Your objective:
Give back the whole listing exactly as written, pictures excluded.
(Data in this exercise)
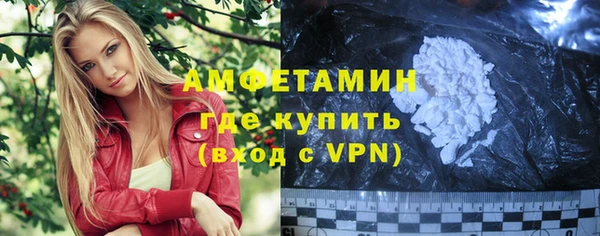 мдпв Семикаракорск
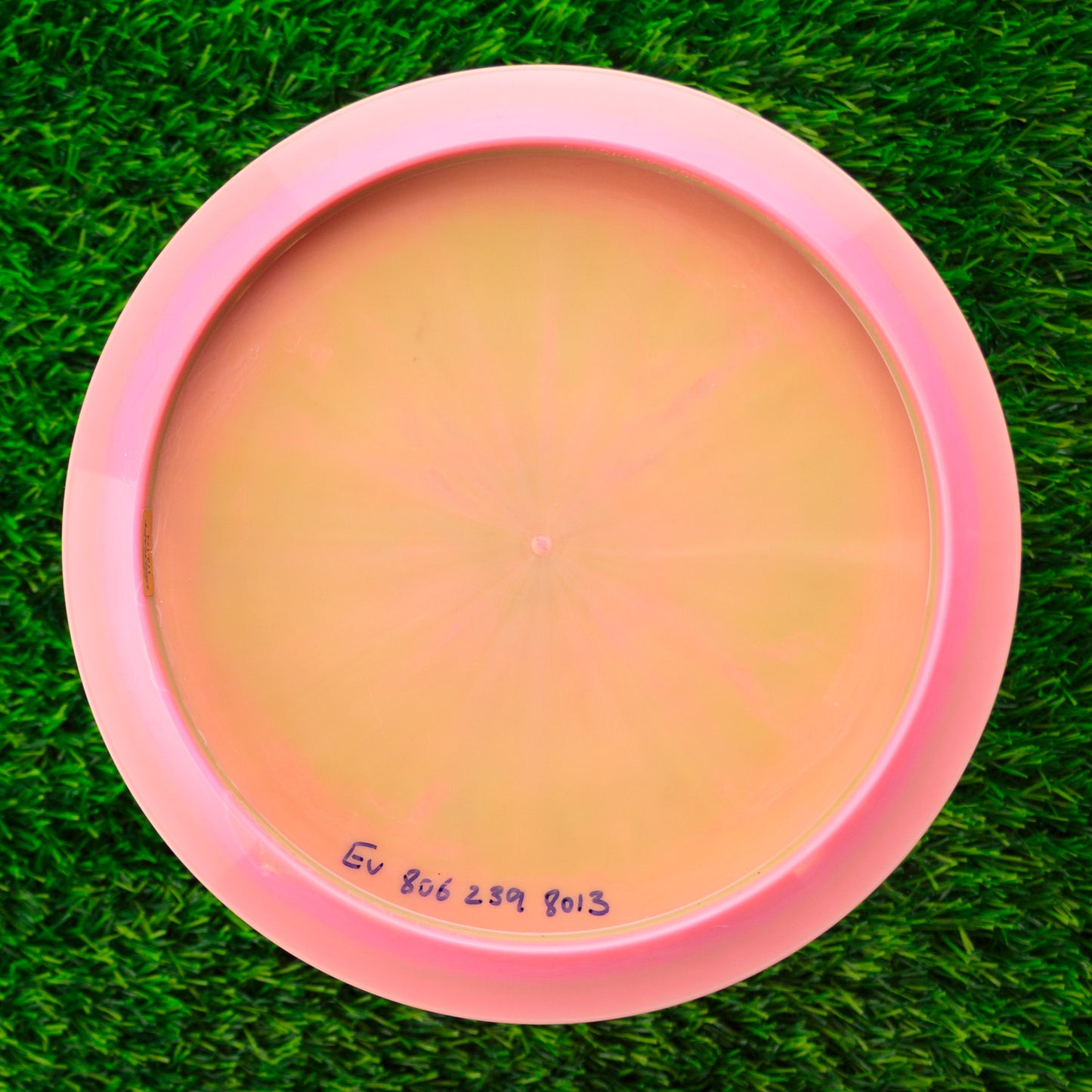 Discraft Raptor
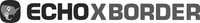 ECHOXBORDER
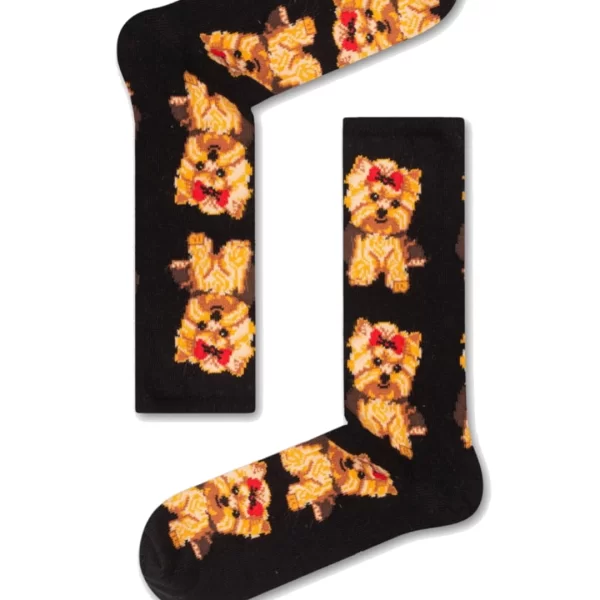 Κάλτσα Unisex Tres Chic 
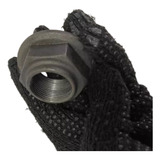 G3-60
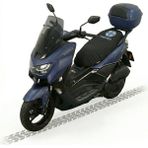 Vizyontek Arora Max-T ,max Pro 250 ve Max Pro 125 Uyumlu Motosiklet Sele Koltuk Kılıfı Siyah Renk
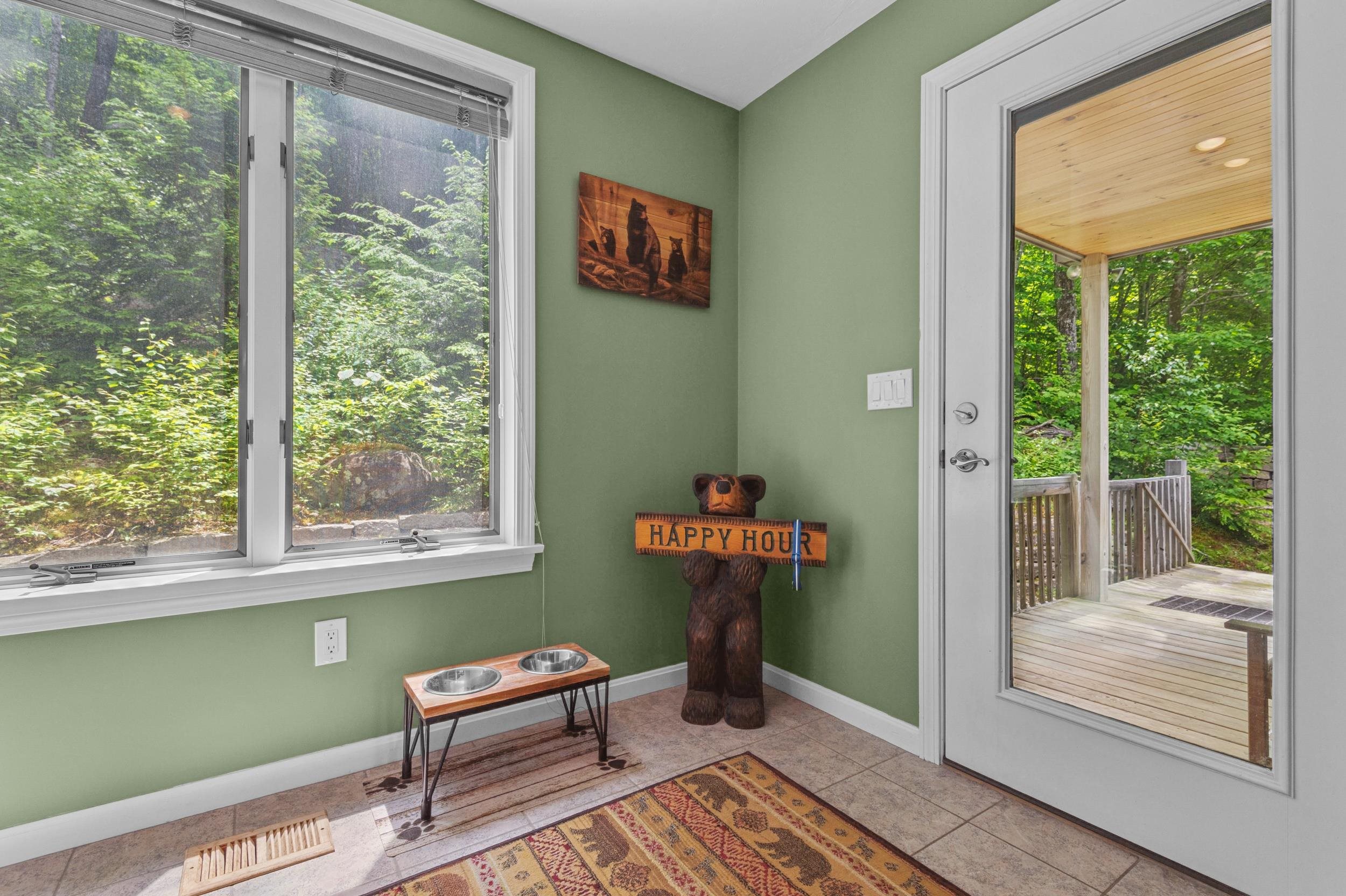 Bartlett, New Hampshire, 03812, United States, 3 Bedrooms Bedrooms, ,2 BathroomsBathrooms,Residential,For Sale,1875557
(End Data in this exercise)
Answer for the task:
 мдпв Семикаракорск
 Discraft Raptor
 ECHOXBORDER
 Κάλτσα Unisex Tres Chic 
 G3-60
 Vizyontek Arora Max-T ,max Pro 250 ve Max Pro 125 Uyumlu Motosiklet Sele Koltuk Kılıfı Siyah Renk
 Bartlett, New Hampshire, 03812, United States, 3 Bedrooms Bedrooms, ,2 BathroomsBathrooms,Residential,For Sale,1875557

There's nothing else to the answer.